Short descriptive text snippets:
==*==

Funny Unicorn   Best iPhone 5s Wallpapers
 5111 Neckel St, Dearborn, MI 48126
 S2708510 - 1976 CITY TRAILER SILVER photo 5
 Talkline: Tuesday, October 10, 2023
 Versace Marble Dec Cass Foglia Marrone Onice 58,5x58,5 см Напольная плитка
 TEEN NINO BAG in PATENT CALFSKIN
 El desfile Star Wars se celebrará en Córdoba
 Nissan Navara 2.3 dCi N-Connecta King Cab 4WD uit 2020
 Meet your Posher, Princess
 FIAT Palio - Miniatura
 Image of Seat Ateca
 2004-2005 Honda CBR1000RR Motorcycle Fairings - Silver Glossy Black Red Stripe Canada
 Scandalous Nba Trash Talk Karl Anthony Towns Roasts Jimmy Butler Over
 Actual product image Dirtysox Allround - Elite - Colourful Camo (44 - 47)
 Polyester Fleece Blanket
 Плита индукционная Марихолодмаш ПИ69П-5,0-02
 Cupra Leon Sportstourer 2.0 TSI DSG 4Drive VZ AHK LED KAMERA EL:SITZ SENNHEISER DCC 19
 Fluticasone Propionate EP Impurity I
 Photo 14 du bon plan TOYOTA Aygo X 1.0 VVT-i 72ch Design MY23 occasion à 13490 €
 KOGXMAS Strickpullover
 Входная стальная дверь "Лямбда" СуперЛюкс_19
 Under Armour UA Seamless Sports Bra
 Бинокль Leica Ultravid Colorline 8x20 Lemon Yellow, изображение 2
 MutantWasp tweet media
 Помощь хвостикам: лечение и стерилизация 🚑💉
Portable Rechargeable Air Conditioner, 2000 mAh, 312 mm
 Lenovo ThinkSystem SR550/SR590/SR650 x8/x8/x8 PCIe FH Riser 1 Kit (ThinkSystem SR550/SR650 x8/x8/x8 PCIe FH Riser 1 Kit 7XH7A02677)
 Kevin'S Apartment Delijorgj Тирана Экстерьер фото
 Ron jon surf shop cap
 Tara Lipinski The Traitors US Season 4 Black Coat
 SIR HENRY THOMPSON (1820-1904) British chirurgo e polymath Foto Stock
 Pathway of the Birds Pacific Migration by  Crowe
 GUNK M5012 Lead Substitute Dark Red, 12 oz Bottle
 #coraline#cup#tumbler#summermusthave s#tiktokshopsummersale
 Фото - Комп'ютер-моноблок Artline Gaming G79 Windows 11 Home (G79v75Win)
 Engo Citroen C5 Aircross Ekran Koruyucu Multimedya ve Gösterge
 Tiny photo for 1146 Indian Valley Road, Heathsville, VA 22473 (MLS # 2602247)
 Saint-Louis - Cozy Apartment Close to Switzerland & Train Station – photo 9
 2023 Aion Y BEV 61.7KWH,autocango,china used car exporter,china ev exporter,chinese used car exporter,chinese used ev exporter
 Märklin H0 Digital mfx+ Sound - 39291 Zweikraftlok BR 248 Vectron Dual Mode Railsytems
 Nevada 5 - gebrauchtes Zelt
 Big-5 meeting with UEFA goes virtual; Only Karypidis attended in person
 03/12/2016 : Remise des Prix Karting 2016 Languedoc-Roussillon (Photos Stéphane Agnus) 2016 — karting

==*==

* **Your instructions**
Go through the entries and filter for lines holding the word "Apartment"; copy each match.

* **Finished task**
 Kevin'S Apartment Delijorgj Тирана Экстерьер фото
 Saint-Louis - Cozy Apartment Close to Switzerland & Train Station – photo 9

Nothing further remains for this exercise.